# Dual Hybrid I6SW 6.5 inch Subs



## jbcon (Feb 15, 2010)

Since I didn't really find a whole ton of information on these speakers when I first got them, nor did I find much in the way of reviews on them, beyond from those who built super exotic TL style enclosures. I thought I would offer my two cents for anyone who might be considering the same route.

The speakers are Hybrid Audio's cheaper Imagine series 6.5-inch subwoofers, yes I said six and a half inch sub. Sounds crazy, but these things rock in the right box.

The car is a 2002 Mercedes SLK, and like many other cars (i.e. Miata, Z3/Z4, Boxster and others) there isn't a whole lot of room for sub systems in these cars, especially if you want to maintain useable trunk space.

First off I will say, one of these little jewels is amazing by itself, two is epic.

My original system had a single one installed in the passenger footwell of the car in a custom .4 cubic foot box, ported and tuned to 35 hz. It blew me away, and although it didn't have the same output as a larger 10-inch sub, it had the depth and foundation of a 10inch sub.

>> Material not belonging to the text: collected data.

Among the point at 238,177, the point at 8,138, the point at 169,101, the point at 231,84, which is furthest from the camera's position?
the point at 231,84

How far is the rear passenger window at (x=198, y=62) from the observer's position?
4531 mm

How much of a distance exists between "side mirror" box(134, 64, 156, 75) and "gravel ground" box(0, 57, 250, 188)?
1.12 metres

On music like Jazz and country this sub really shines, even with bass heavy songs and some rap and R&B it does pretty well. But again I felt the output was down on what I might have gotten out of a 10inch sub, but what 10inch sub can you fit in the floor of such a car with not real loss of foot room.

I actually decided to try two when I bought a pair of used drivers from a friend. This had me looking at new possibilities and at one point I even considered three of them, but my current amp was not stable below 2 ohms and I didn't want to wire them in series.

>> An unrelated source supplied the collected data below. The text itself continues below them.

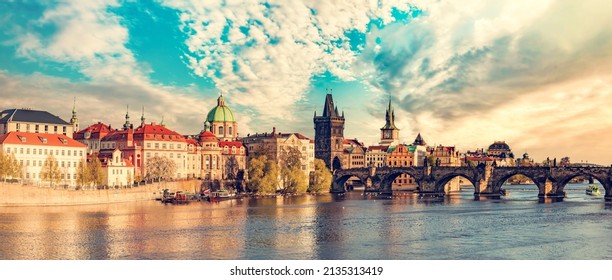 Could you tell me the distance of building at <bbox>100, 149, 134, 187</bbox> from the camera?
7844 centimetres

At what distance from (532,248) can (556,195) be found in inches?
2016

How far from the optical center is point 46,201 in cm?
6066

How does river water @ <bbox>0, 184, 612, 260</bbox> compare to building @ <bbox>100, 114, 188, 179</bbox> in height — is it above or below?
below

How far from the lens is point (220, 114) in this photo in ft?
391

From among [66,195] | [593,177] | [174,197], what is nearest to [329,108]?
[593,177]

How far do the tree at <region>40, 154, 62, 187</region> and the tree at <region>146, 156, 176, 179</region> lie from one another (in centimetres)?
1853

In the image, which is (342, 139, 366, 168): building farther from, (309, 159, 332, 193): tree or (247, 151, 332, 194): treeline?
(309, 159, 332, 193): tree

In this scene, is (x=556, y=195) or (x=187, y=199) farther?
(x=556, y=195)

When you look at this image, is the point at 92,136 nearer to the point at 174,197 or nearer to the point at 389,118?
the point at 174,197

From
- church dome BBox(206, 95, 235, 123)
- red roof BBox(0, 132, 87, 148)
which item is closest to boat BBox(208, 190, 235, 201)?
red roof BBox(0, 132, 87, 148)

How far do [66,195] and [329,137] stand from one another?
80.4 metres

So now I have two of these in a custom box where my spare tire use to be. It is .71 cubic feet and is tuned to about 38 hz and these puppies are really amazing. Having had multiply 12inch subs in previous cars I can say that the output both in volume and frequency is up there with the best 12's. They really do impress and offer some options for those who might not have the space for fullsized woofers.

Yes, one could fit a slim sided 10 or 12 in the same sized box and space, but would it sound this good? I can't say, I am more than happy with the setup and when I tell people that there isn't a driver in the whole car larger than 6.5 inches they can't believe it. 

I know all of this stuff is subjective, but I didn't find a whole lot of information out there on these subs and thought I would share my experience. You results may vary, but I am running 260 watts to each sub in a .71 cubic foot box and they sound awesome and have yet to bottom out or sound as if they are over powered.


----------



## legend94 (Mar 15, 2006)

You have some nice install ideas and skills!

Every midrange I used from hat was great but now you make me want to experiment!


----------



## ThreeMan (May 11, 2009)

Great review and install. Like Legend said, ideas are flowing. Thank you.


----------



## legend94 (Mar 15, 2006)

ThreeMan said:


> Great review and install. Like Legend said, ideas are flowing. Thank you.


Read some of Patrick Batemen's threads on here and you will further look into multiple subs.


----------